What the exercise asks: Once the line with "Star Wars: Unlimited" is found, write it out along with each later line exactly, through the end of the entries, skipping every picture.

Exercise data:
****************************************

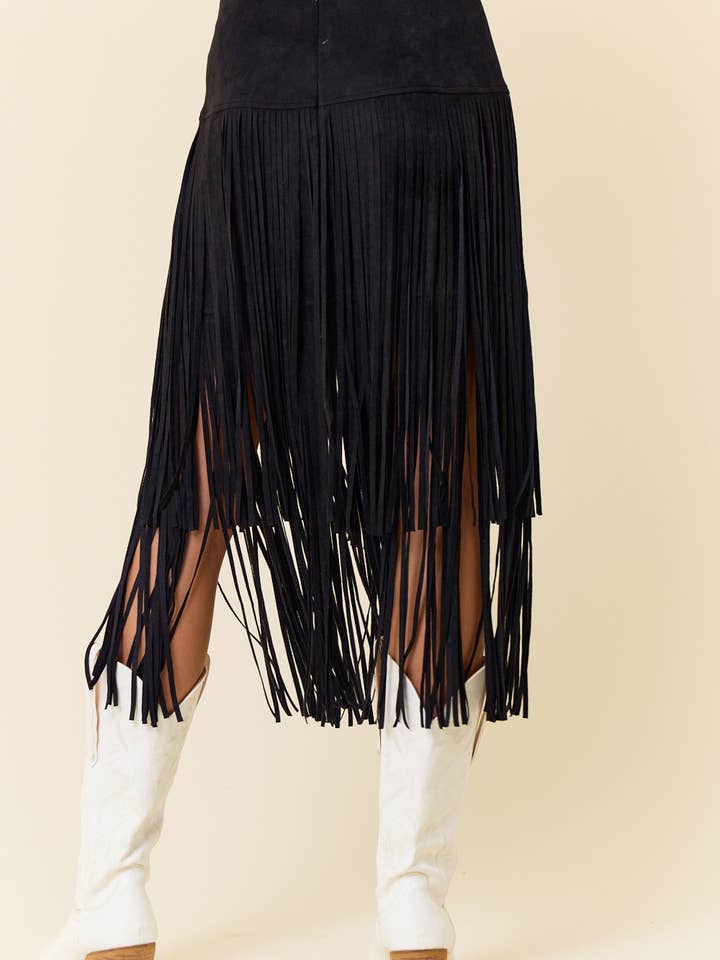 Fringe Western Skirt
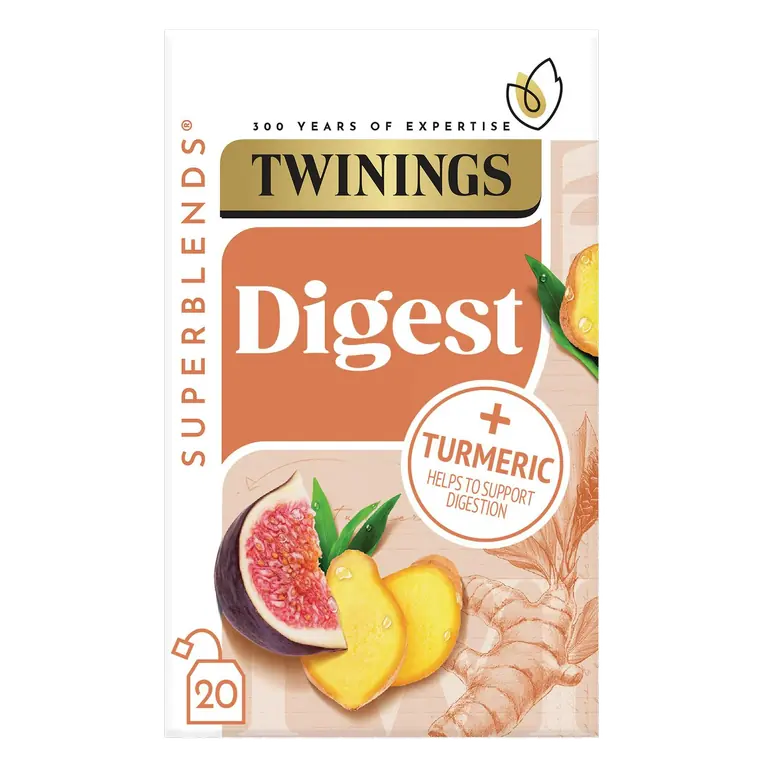 Superblends Digest Ginger & Turmeric with Fig Tea Bags x20 40g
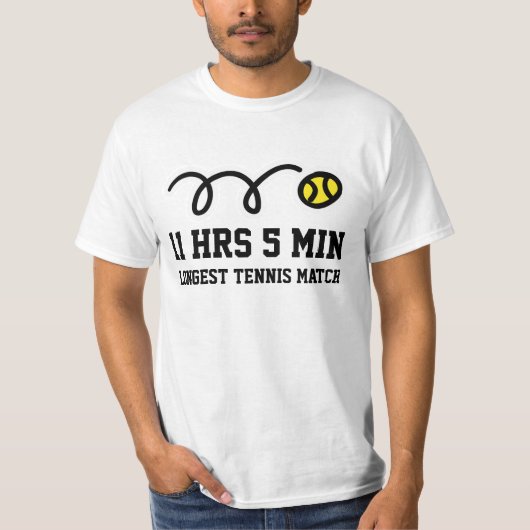 Langste tenniswedstrijd ooit T-shirt (Voorkant)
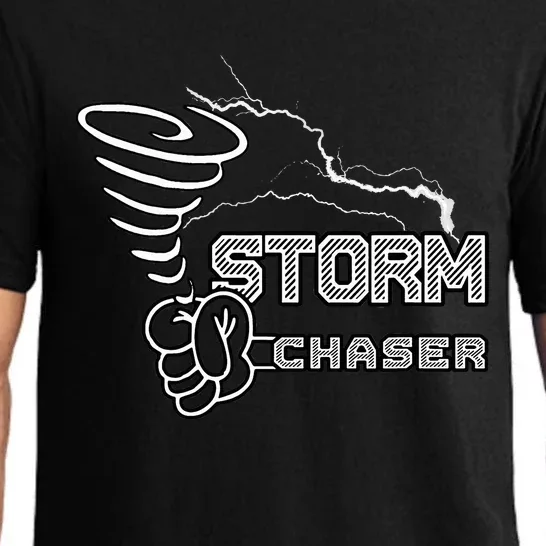 Storm Chaser Cool Electric Lightning Tornado Weather Pajama Set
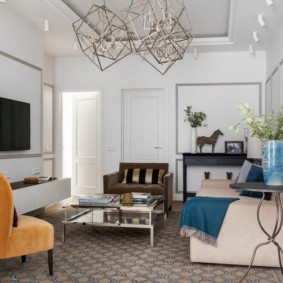 photo d'intérieur de projet d'appartement de trois pièces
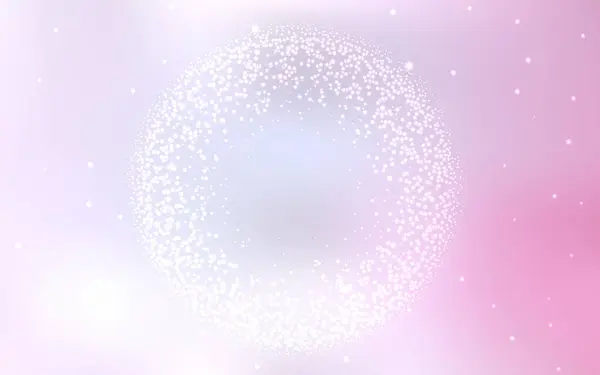 Light Pink Vector Layout Cosmic Stars Blurred Decorative Design Simple — Stock Vector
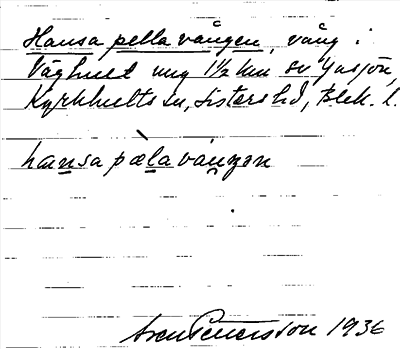 Bild på arkivkortet för arkivposten Hansapellavången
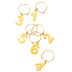 Viski Gold Plated Wine Charms Gift Product Image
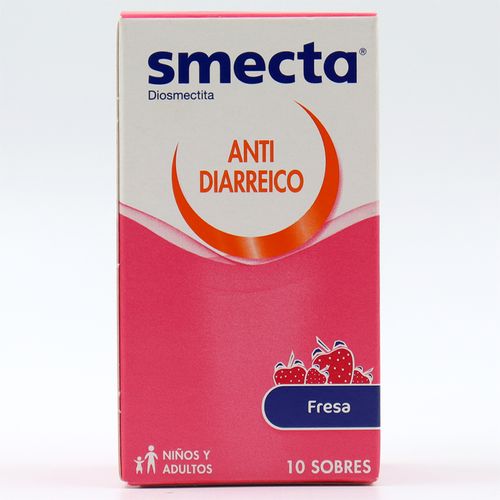 Smecta Diosmectita Sabor Fresa 3 Gr Caja X 10 Sobres Lafrancol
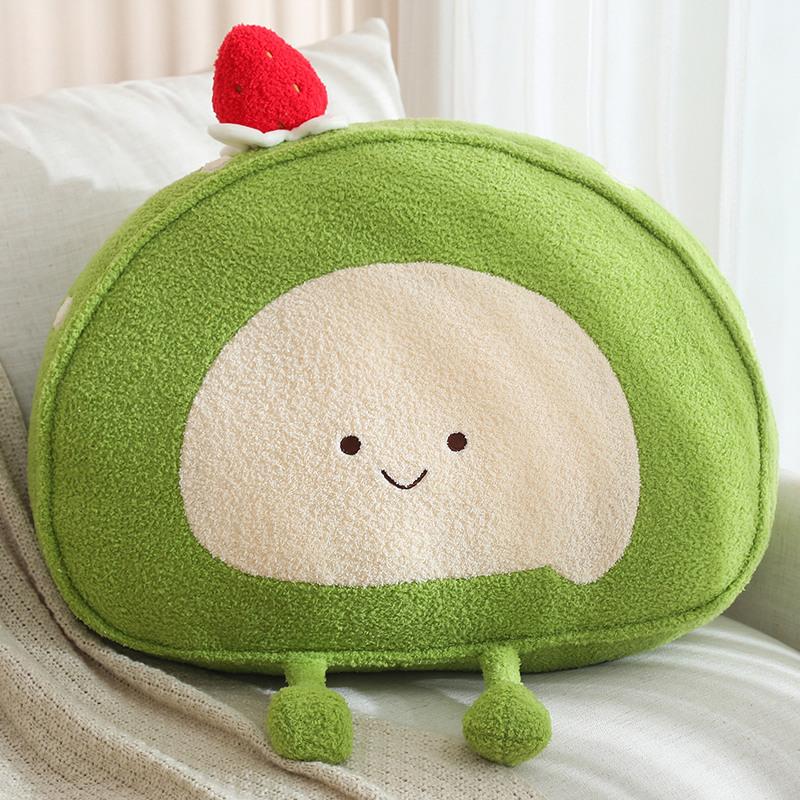 Swiss Roll Office Lunch Break Plush Pillow Sofa Living Room Cushion Pillow Bay Window Tatami Pillow Birthday Gift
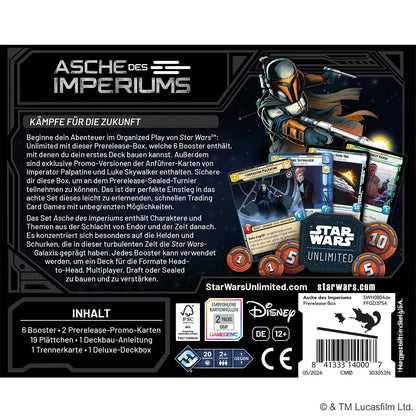 Star Wars: Unlimited - Asche des Imperiums Prerelease Box (DE)
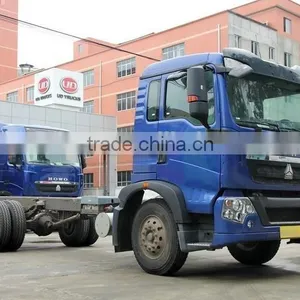 Howo T5G Cargo Crane Truck Chassis 180HP 4X2 Low Price Sale thumbnail-1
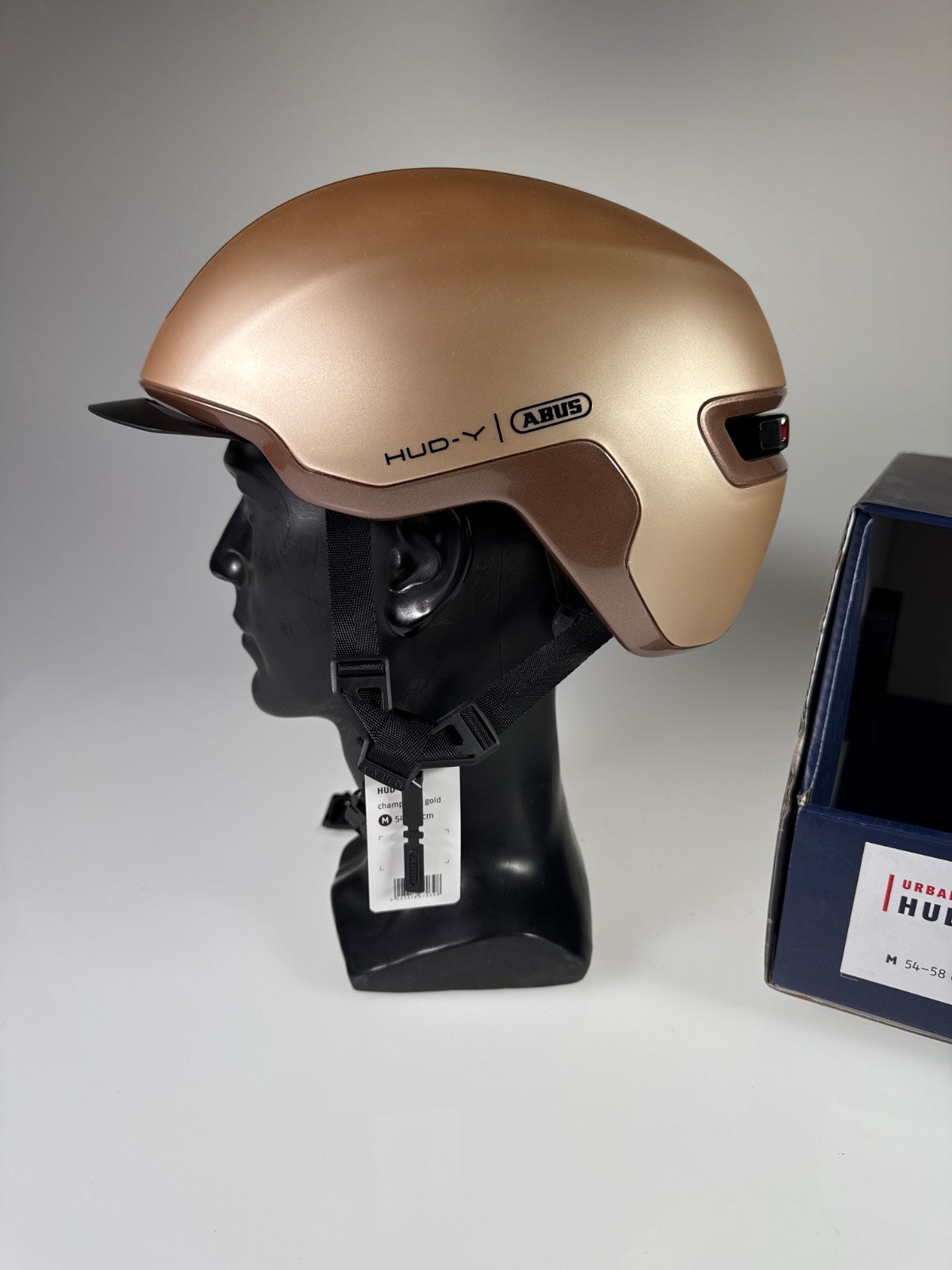 ABUS HUD-Y Fahrradhelm - Größe 54-58cm #8745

****************************************

Exercise answer:
 Star Wars: Unlimited - Asche des Imperiums Prerelease Box (DE)
 Howo T5G Cargo Crane Truck Chassis 180HP 4X2 Low Price Sale thumbnail-1
 ABUS HUD-Y Fahrradhelm - Größe 54-58cm #8745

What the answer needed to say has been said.